If one part is suffering, all the rest suffer with it; it one part is treated with honor, all the rest find pleasure in it. And you are Christ’s body, organs of it depending upon each other.  -1 Cor 12:26-27

The Christian Church has always been a suffering Church. From St. Stephen and the earliest Roman martyrs, to those 20th-century martyrs of ideological tyrannies, Christians have imitated Christ by loving God to the end. It’s no different today; as St. John Paul II wrote, “the Church has once again become a Church of martyrs.”

Today, Christians are persecuted and martyred for the faith, especially in the Middle East. Today, members of the Body of Christ suffer.

Do we suffer with them? We ought to, if we are together members of the one Body of Christ.

In many ways it is difficult to see our union with these contemporary witnesses. They may live on the other side of the globe, speak a different language, and worship in a different rite. We may feel very different from them. And in ordinary, human affairs, it would indeed seem impossible to suffer with them. We might feel pity, or sympathize in a removed and abstracted sort of way, or just read the newspapers and shake our heads. It seems that we cannot be so intimately united with them as to suffer with them.

The One Body of Christ is not merely a physical reality, however. Our unity in the Mystical Body of the Church is also a supernatural reality. When a Christian lives in Christ, through prayer and the sacraments, he is united to every other Christian in a way deeper than mere human rationality could imagine. We know this by faith, which means we don’t always feel it. To rephrase St. Peter, though you have not seen these persecuted Christians, you love them. Or at least, you ought to.

How do we love them, though? Most of us are not situated to meet or help someone on the other side of the world; sometimes Providence has ordered our lives such that we cannot give direct aid. So we help in indirect ways, for instance, by giving out of our possessions. One of the things the martyrs teach us is what really matters, and it’s not what we possess.

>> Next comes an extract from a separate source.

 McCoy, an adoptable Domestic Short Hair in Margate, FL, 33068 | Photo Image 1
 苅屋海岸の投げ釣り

Principally, however, we love our fellow Christians through prayer. Through prayer we are united with them. We learn to suffer with their sufferings and rejoice with their joys. St. Thérèse, as a young Carmelite nun, struggled with this very challenge: she wanted to be one with the missionaries and martyrs even within the silence of the cloister. She found her place in the heart of the Church living a life of prayer, begging God for his love, for “were this love to fail, apostles would no longer spread the Gospel, and martyrs would refuse to shed their blood.” It is God’s love, but we as members and organs of the Body of Christ are united by that love the same way blood courses through the parts of the body. And God often chooses to act through our prayers to give His grace to other members of the Church. Our prayers are not sentimental, but efficacious. They work.

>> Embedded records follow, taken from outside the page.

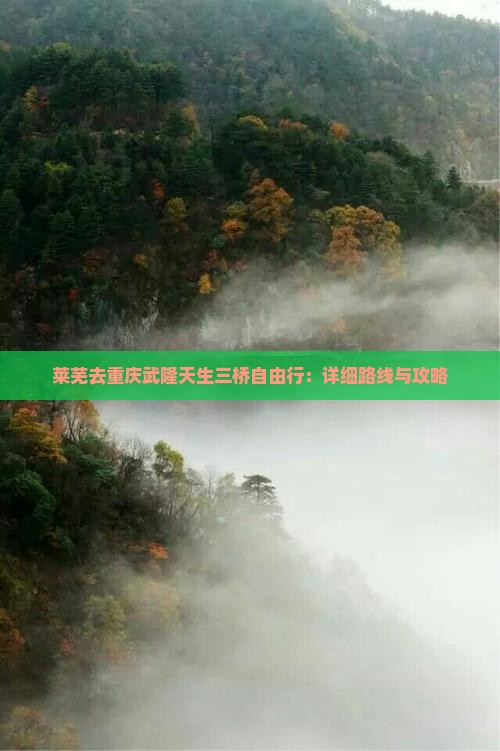 莱芜去重庆武隆天生三桥自由行：详细路线与攻略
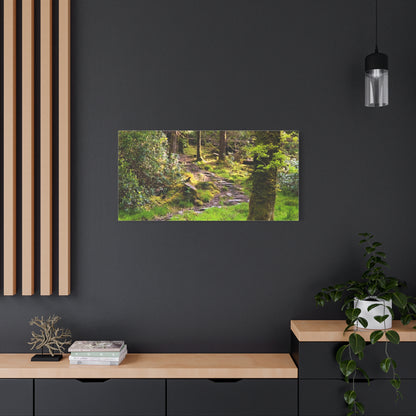 Torc Trail Matte Canvas, Stretched, 1.25"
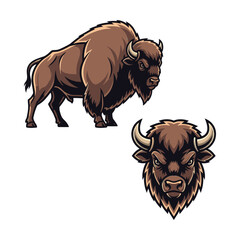 Bison Fullbody and Close-Up Illustration for Branding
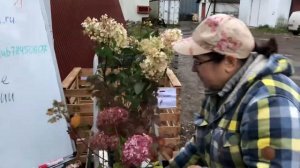 ЕЛЕНА МУМРИНА🇷🇺 О ЗИМОСТОЙКИХ ГОРТЕНЗИЯХ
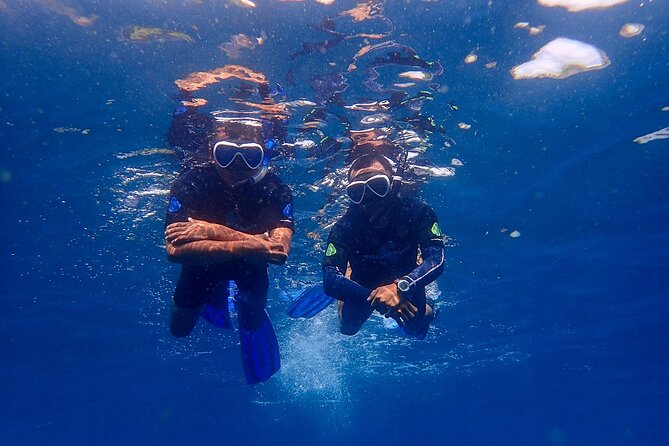 Full-Day Scuba Diving Experience of USAT Liberty in Tulamben - Lunch break around 12:00–01:00 PM: fuel and reset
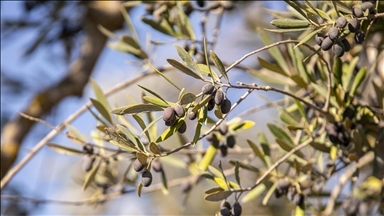 Illegal Israeli settlers uproot nearly 200 olive trees in new West Bank attack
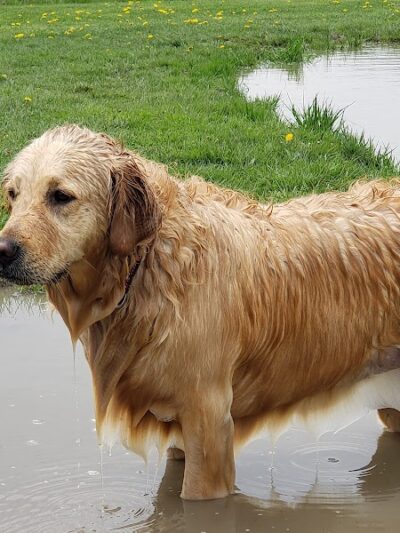 Tom Harvey Memorial Dog Park - Blanchester, OH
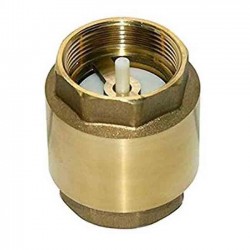 1/4" brass check valve. Prevents water flow back into irrigation pipes.
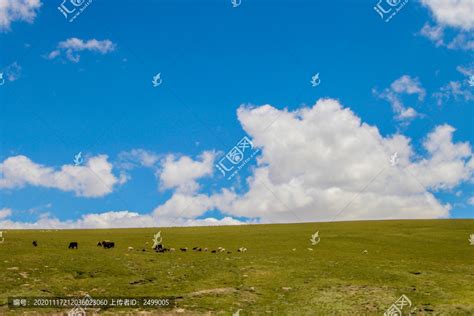 蓝天白云大草原牦牛草原风光自然风景摄影素材汇图网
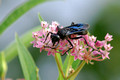 Great Black Wasp enjoys Swamp Milkweed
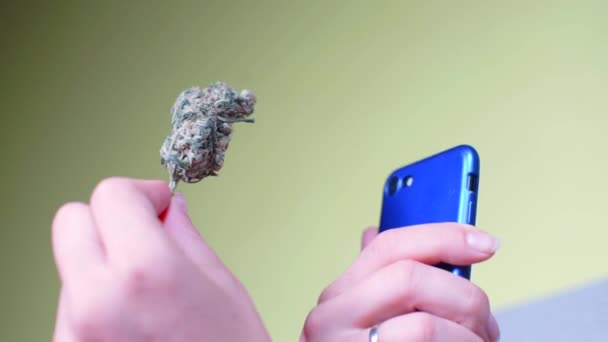 Konopí rostlina vyfocena na telefonu v kavárně — Stock video
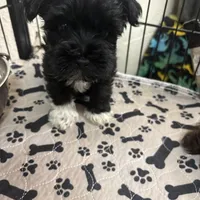 Mary CKC, a female Miniature Schnauzer for sale in Miami, FL – Photo 5 of 8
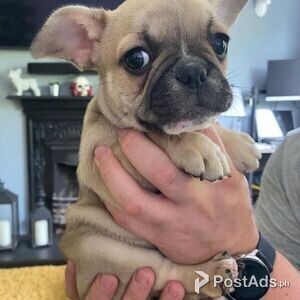 Gorgeous French Bulldog Puppies For sale | PostAds PH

In a particular way, our prayers are effective in the Mass, when we participate in the one, eternal sacrifice and memorial of Jesus, the source and summit of every Christian life. And yet, how often do we attend Mass without recognizing the privilege? We go out of habit, to observe a precept. But there are many Christians who would die – and are dying – for the chance to participate in the Eucharistic sacrifice. We pray in their stead, we pray for them because they are not able to.

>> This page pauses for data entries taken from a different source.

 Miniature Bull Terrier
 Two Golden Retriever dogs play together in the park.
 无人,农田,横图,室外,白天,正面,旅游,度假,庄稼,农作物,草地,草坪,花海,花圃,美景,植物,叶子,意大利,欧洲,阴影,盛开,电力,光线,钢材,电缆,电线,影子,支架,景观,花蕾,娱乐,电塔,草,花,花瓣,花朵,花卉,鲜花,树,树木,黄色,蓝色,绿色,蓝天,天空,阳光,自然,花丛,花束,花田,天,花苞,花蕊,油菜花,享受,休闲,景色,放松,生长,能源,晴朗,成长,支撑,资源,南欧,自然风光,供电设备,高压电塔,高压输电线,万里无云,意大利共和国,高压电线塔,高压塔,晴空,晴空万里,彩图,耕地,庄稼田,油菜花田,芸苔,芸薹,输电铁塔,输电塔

We pray constantly that Christ may bring peace to their homes. And if He has set aside for them the crown of martyrdom, we pray for their perseverance, that they may be made worthy to join those who went before them, those whom St. John beheld in a vision:

I saw there, beneath the altar, the souls of all who had been slain for the love of God’s word and of the truth they held, crying out with a loud voice, “Sovereign Lord, the holy, the true, how long now before thou wilt sit in judgment and exact vengeance for our blood from all those who dwell on earth?” Whereupon a white robe was given to each of them, and they were bidden to take their rest a little while longer, until their number had been made up by those others, their brethren and fellow servants, who were to die as they had died. (Rev 6:9-11)

Holy Martyrs of God, pray for the suffering Church.